For Rhea, there is a touch of irony in this transition.

“I can’t tell you the exact date, but to the best of my knowledge, when the institution started, up until the early 1920s, Sinclair was a semester school,” Rhea said.

Switching back to semesters has been a multiyear process that began in December 2009 after the chancellor of the Ohio Board of Regents declared that all public institutions of higher education in Ohio would offer classes in semesters. The switch will make Ohio schools more consistent with national trends. Eighty percent of the universities and community colleges in the country are on semesters, Rhea said.

The $1.8 million Sinclair is spending on the transition is not only funding curriculum changes for the 202 degree programs offered, but is funding efforts to help students navigate the transition. At the heart of the program is My Academic Plan(MAP), which outlines courses a student needs to take currently on the quarter system and on the semester system to reach their degree goals.

“In some ways, the MAP is the documentation that we are telling you as an institution that this is what you have to do to get out of here at your goal and if you stick to this plan you will be fine. So, even if they know what they want to do, they need to go get it in writing,” Rhea said.

The transition will reduce the minimum amount of credit hours each degree requires. Under quarters, students must take a minimum of 90 credit hours. Under semesters, only 60 are required. Each credit hour will cost more, but the annual cost of full-time tuition will remain the same.

Fewer books will be required each year, so overall students should save money from the change.

“We made a pledge to students that said that this would not cost you more or take you longer to graduate,” Rhea said.

“If they haven’t made a MAP, I have no way of knowing what they were told to do.”

Academic advisors have the software to make MAPs so students need to talk to an academic advisor as soon as possible.

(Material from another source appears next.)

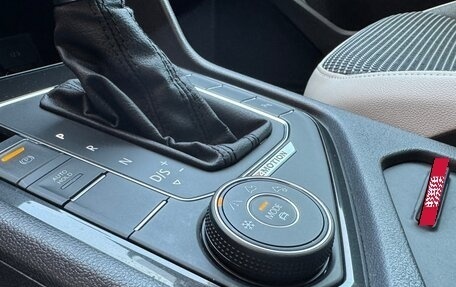 Volkswagen Tiguan II, 2019 год, 2 749 990 рублей, 15 фотография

Advisors also have access to the new curriculum that is not publicly available.

“The most important thing students can do is go talk to their advisors and make sure that they are making a MAP so that they have a plan for going from quarters to semesters and that they are sticking to that plan and then they won’t even know the difference once they are there,” Rhea said.

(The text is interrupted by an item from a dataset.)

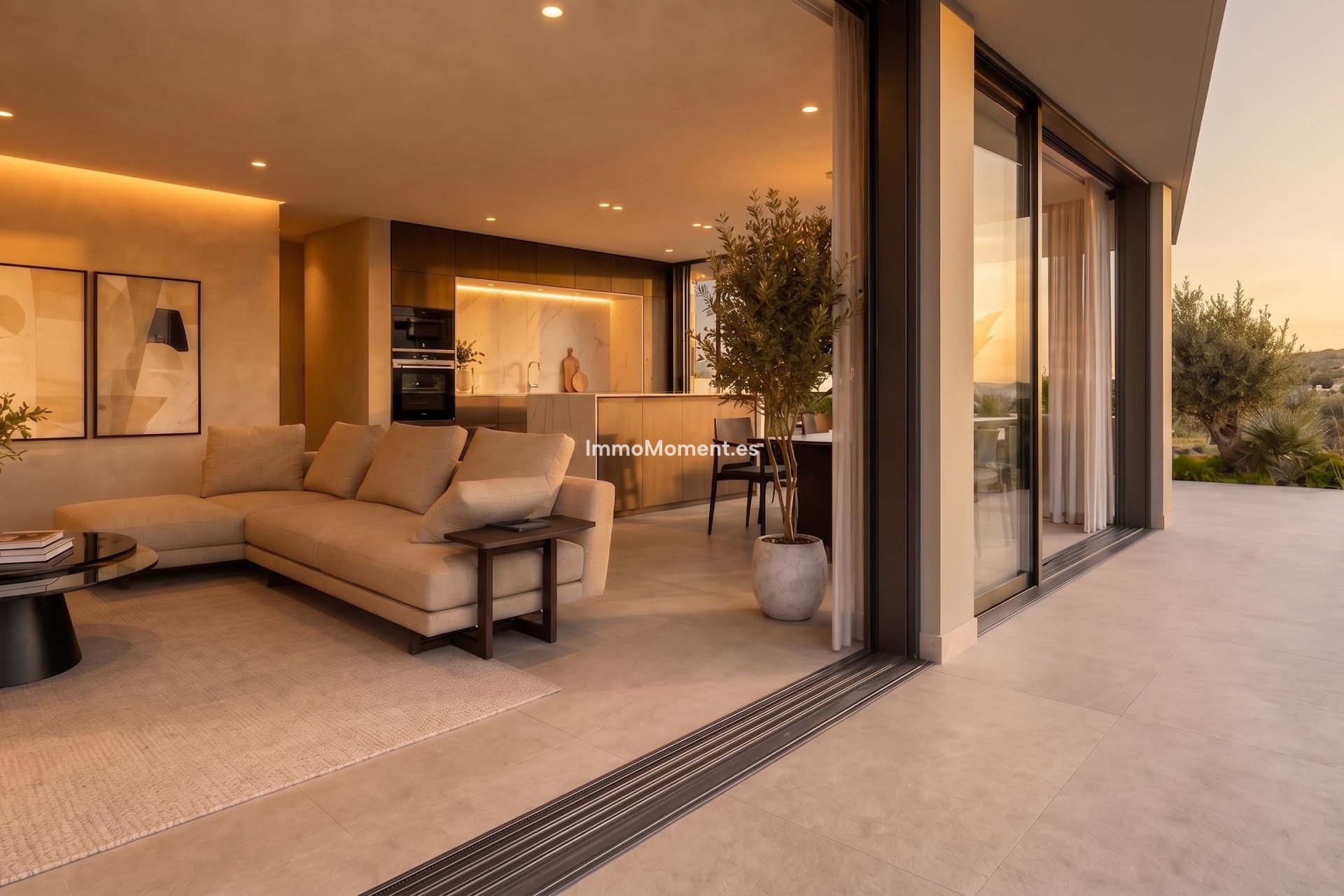 Obra nueva - Villa independiente - Estepona  - Estepona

Rhea is hopeful that all of the work done in identifying the content each course contains benefits students’ in-class experience as well as how Sinclair runs as an organization.

“My goal in this has been that for that 1.8 million we wouldn’t just move to semesters. We have made vast improvements in the way we do things,” Rhea said.

“We are taking this opportunity to improve as much as we can. It is money well spent.”